Ruffinv.State

Supreme Court of Mississippi, In BancDec 8, 1947
203 Miss. 1 (Miss. 1947)
203 Miss. 132 So. 2d 882

No. 36517.

December 8, 1947.

1. CRIMINAL LAW.

Where there is no substantial evidence to support conviction of crime charged, the point may be raised for first time on appeal notwithstanding failure to request a peremptory charge.

2. CRIMINAL LAW.

Where defendant made no request for peremptory charge, and evidence was insufficient to support conviction of manslaughter under culpable negligence statute, defendant would not be discharged, but case would be remanded to permit defendant to make such request in the trial court (Code 1942, sec. 2232).

APPEAL from the Circuit Court of Lowndes County.

W.L. Sims and Sams Jolly, all of Columbus, and Roy T. Mobley, of Alamogordo, N. Mex., for appellant.

The appellant, E.A. Ruffin, Jr., was indicted and convicted in the circuit court of Lowndes County, Mississippi, at the November 1946 term of the circuit court of said county, on the charge of manslaughter and sentenced by the court to serve a term of one year in the State Penitentiary at hard labor. The testimony shows that appellant was driving his automobile in a northerly direction and the deceased was driving his team of mules to a wagon in a southerly direction on a public road in Lowndes County and in or near a sharp curve in the road the car driven by the appellant and the wagon and team driven by the deceased met in this curve, at which time the left side of the automobile of appellant struck the left wheel of the wagon, or the left wheel of the wagon struck the left side of the automobile. The left front wheel of the wagon was knocked off, causing the deceased to fall on the double tree of the wagon, between the wagon bed and the mules, and as a result thereof the mules became frightened and ran, and at the same time began to kick, kicking the deceased in the head and other parts of the body, which caused his death. There was no eyewitness to the collision other than the appellant. Taking the testimony, all of which was circumstantial, other than that of the appellant, we are unable to see that the death of the deceased was caused by and was a proximate result of grossly culpable negligence of the appellant, as we understand culpable negligence means that the appellant was conducting himself by the driving of said automobile in such a manner as to have reached the state of being wanton and reckless to such an extent so as to totally disregard the safety of human life or property at the time of the accident. This we think is wholly beyond the record in the case.

The evidence wholly failed and there was an entire absence of any evidence to convict the accused of the crime charged in the indictment. This contention being correct, the question can be raised for the first time on appeal, even though the accused failed to make a motion for a new trial.

Clark v. State, 100 Miss. 751, 57 So. 209; Cogsdell v. State, 183 Miss. 826, 185 So. 206; Patterson v. State, 188 Miss. 718, 196 So. 757; Smith v. State, 197 Miss. 802, 20 So.2d 701; Broadway, etc., Bridge Co. v. Commonwealth, 173 Ky. 165, 190 S.W. 715; 3 Am. Jur. 32, Sec. 246, p. 33, Sec. 248; 5 Am. Jur. 927, Sec. 790; 24 C.J.S. 288, 289, Sec. 1672, p. 365, Sec. 1694.

Greek L. Rice, Attorney General, by Geo.
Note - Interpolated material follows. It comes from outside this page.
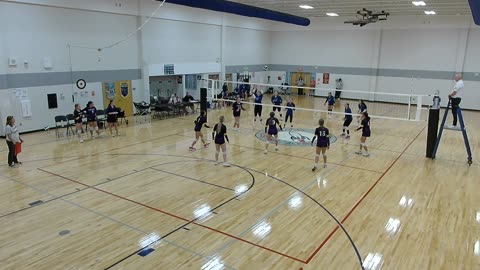 Set 3 - ACS JV 9 / BASA 15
H. Ethridge, Assistant Attorney General, for appellee.

I am frankly doubtful of the sufficiency of the evidence to support the verdict under the principles announced in Smith v. State, 197 Miss. 802, 20 So.2d 701.

Argued orally by J.O. Sams and R.T. Mobley, for appellant.


Appellant was indicted for, and convicted of, manslaughter, under the culpable negligence statute, Sec. 2232, Code 1942.

The brief by the Assistant Attorney General shows that he had made a close study of this record, and he says "I am frankly doubtful of the sufficiency of the evidence to support the verdict under the principles announced in Smith v. State, 197 Miss. 802 [ 20 So.2d 701, 161 A.L.R. 1], and other cases since decided." In the concurring opinion in McKinney v. State, 196 Miss. 826, 832, 18 So.2d 446, 447, it was said: "Experience has shown that under that statute (the culpable negligence statute) juries are overinclined to convict on proof of what is in fact no more than simple negligence, and as a result there have been more reversals in this class of cases than perhaps in any other that comes before us." The most that can be made out of the present record, when conjectures are laid aside, is a case of negligence but not culpable negligence.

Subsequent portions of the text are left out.